XFA/Data Handling Model

From wiki.zmanda.com
Revision as of 06:08, 1 October 2007 by Dustin (talk | contribs) (→‎Notes on Diagrams: add diagrams)
Jump to navigation Jump to search

Introduction

Amanda's data-handling model sits at the core of the application. Its purpose is fairly simple: move data between a backup client and archival storage. However, it is subject to some stringent constraints.

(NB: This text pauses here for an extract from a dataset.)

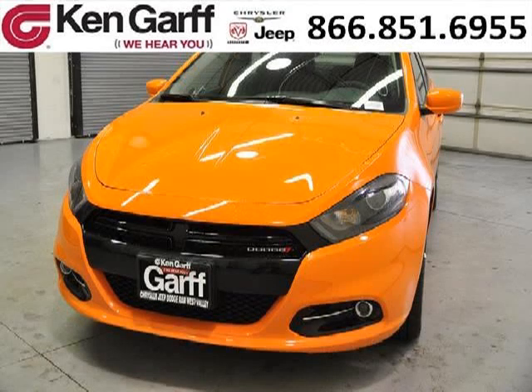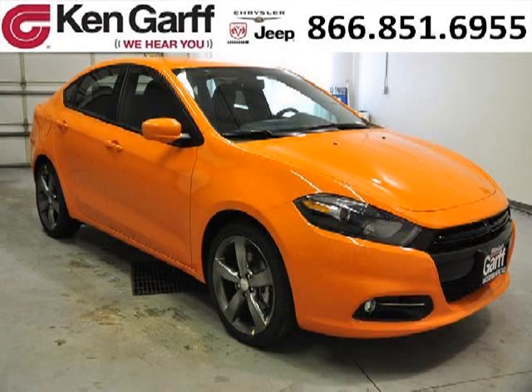Do you want to stretch your purchasing power? Well, take a look at this outstanding 2013 Dodge Dart. This Dart would look so much better with you behind the wheel instead of sitting on our lot.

  • Tapes are linear-access devices, with optimal block- and file-sizes; performance deteriorates rapidly as parameters diverge from these optima.
  • Recovery of single files (or "user objects", as described below) should be relatively quick, and not require reading an entire dumpfile.
  • Recovery should be possible with only native tools and the contents of tapes.
  • Amanda must be able to recover indexes and all other metadata from the on-tape data alone (a "reindex" operation).

Terminology

Much of this terminology is part of the the Application API; this section briefly summarizes those terms..

Application
An Amanda component that interfaces directly with the client data.
User Object
The smallest object that can be restored (e.g., a file for GNU Tar).
Collection
The smallest amount of data that the application can operate on (e.g., a 512-byte block for GNU Tar).
Transfer
A data-movement operation.
Transfer Element
A component of a transfer; elements are combined in a kind of pipeline, with each element sending data to the next.
Filter
A transfer element which performs some transformation, such as compression or encryption, on the data that passes through it. Filters are described as operating normally when performing a backup, and in reverse on restore. When operating in reverse, a filter transforms data that it produced during normal operation, transforming it back into the original input. For example, an encryption filter encrypts in normal operation, and decrypts in reverse.
Seekable Filter
A filter which, when operating in reverse, can begin at arbitrary points in the datastream; contrast non-seekable filters.
Non-seekable Filter
A filter which, when operating in reverse, must always begin at byte zero of the datastream.
Catenary Filter
A filter for which concatenation is distributive over filtering. A filter is catenary if
cat file1 file2 | filter | filter -reverse

produces the same output as

(filter <file1 ; filter <file2) | filter -reverse

Gzip, for example is catenary.

Bytestream
A linear sequence of bytes; the data exchanged between transfer elements.
Debit
The creation of a range of bytes in a bytestream by a transfer element (we try to avoid the terms "block" or "chunk" here, although the effect is similar).
Credit
The consumption of a range of bytes from a bytestream by a transfer element.

Diagrams

A single bytestream.
A single bytestream.

A bytestream is represented by a solid horizontal line; debits made by the transfer element producing the bytestream are indicated with tickmarks above the line, while credits for the consuming element are delimited with tickmarks below the line.


A filter, transforming the upper bytestream to the lower.
A filter, transforming the upper bytestream to the lower.

A filter element, then, consumes one bytestream (the upper bytestream) and produces another (the lower). Note that there is a one-to-one correspondence of an element's credits (against its source bytestream) and debits (to the bytestream it produces).